Among the entries below, only the lines starting at the one with "Barefoot INES ECO Merino" and ending at the one with "Photo of 2326 ANDERS DRIVE", both included, are to be printed exactly.

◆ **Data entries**
Start of Block
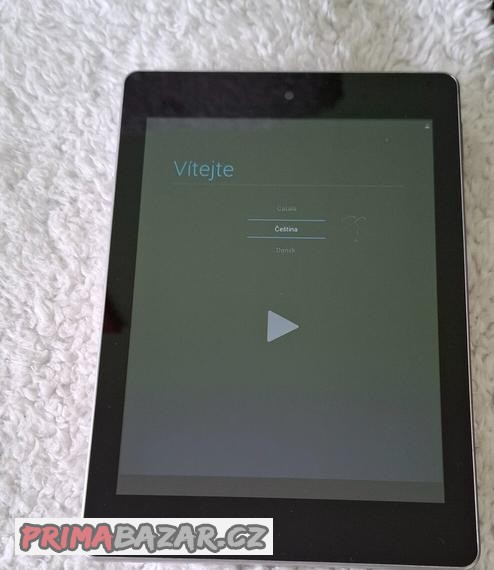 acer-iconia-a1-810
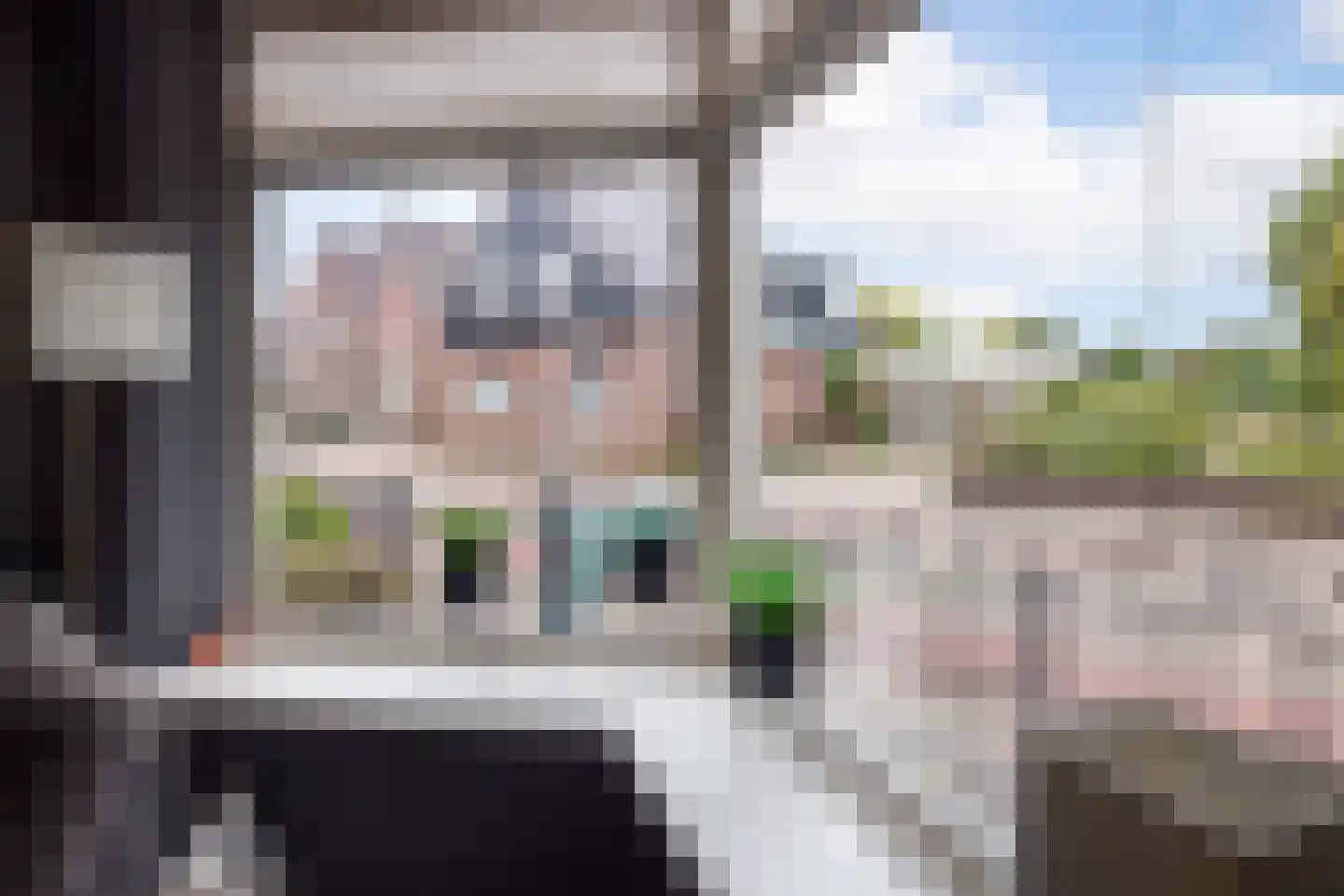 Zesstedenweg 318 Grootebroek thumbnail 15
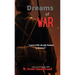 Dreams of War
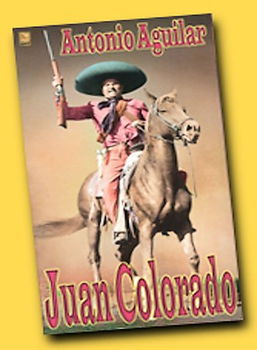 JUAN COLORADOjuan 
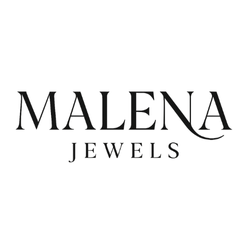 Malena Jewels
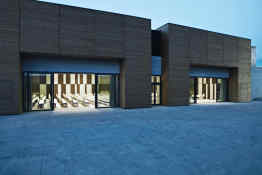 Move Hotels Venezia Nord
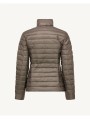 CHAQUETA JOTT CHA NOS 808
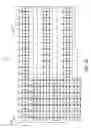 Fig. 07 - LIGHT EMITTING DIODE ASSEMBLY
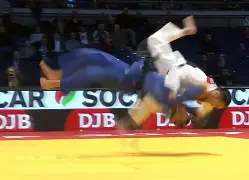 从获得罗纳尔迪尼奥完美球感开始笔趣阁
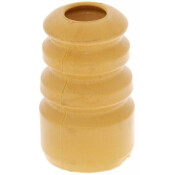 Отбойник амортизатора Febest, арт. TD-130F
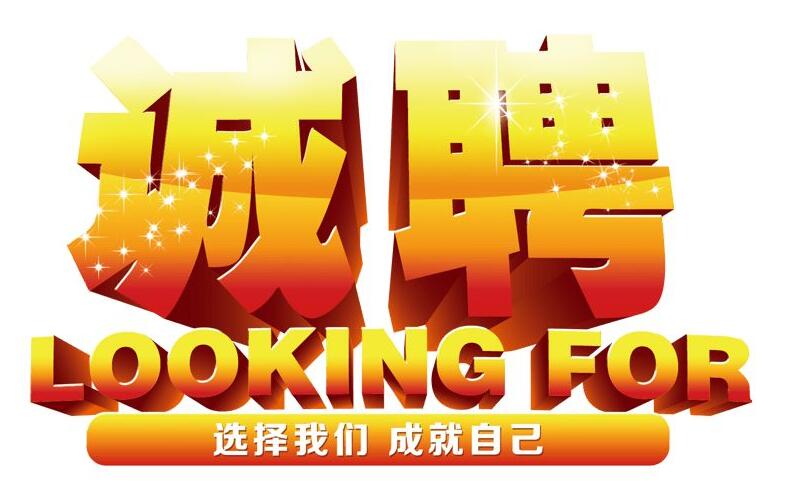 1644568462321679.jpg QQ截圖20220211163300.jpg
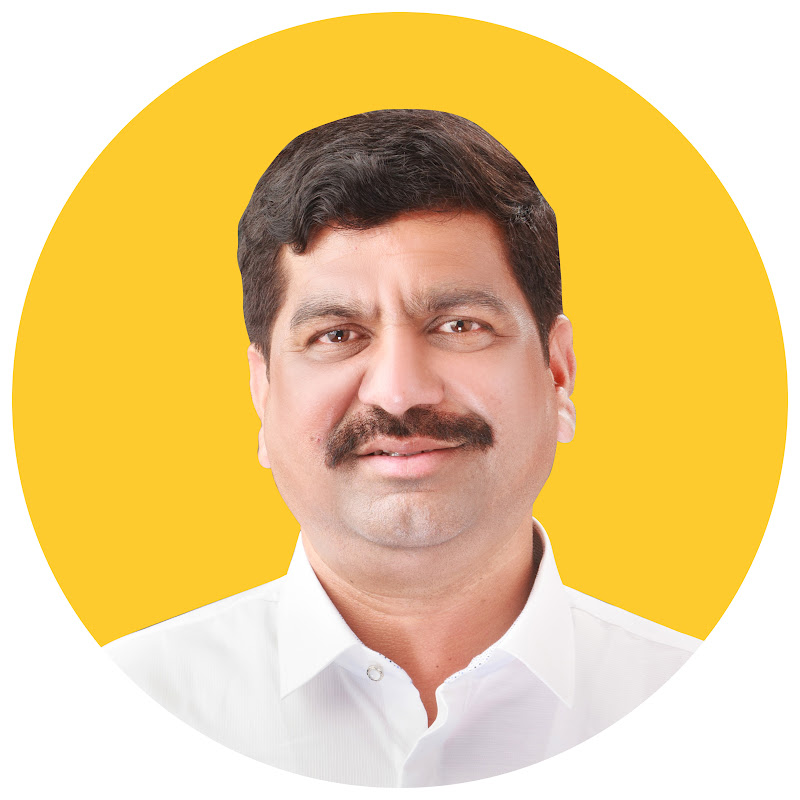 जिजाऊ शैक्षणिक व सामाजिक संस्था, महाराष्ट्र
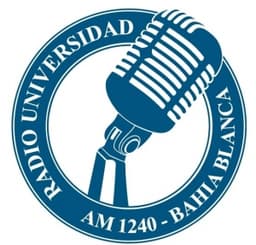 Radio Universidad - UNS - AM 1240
End of Block
Start of Block
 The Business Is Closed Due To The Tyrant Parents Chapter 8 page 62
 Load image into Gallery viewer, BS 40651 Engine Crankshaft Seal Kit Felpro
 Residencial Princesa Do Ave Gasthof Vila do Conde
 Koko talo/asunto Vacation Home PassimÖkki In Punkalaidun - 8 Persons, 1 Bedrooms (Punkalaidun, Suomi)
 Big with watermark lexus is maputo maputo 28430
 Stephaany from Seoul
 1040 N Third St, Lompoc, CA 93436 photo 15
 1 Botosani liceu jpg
End of Block
Start of Block
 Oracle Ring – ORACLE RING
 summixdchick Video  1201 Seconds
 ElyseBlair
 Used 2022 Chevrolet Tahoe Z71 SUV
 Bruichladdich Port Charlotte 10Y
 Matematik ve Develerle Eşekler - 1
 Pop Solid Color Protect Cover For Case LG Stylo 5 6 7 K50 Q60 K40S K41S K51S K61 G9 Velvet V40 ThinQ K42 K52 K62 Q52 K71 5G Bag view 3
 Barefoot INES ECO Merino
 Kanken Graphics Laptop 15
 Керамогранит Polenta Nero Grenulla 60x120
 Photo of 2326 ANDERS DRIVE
End of Block
◆ **Completed exercise**
 Barefoot INES ECO Merino
 Kanken Graphics Laptop 15
 Керамогранит Polenta Nero Grenulla 60x120
 Photo of 2326 ANDERS DRIVE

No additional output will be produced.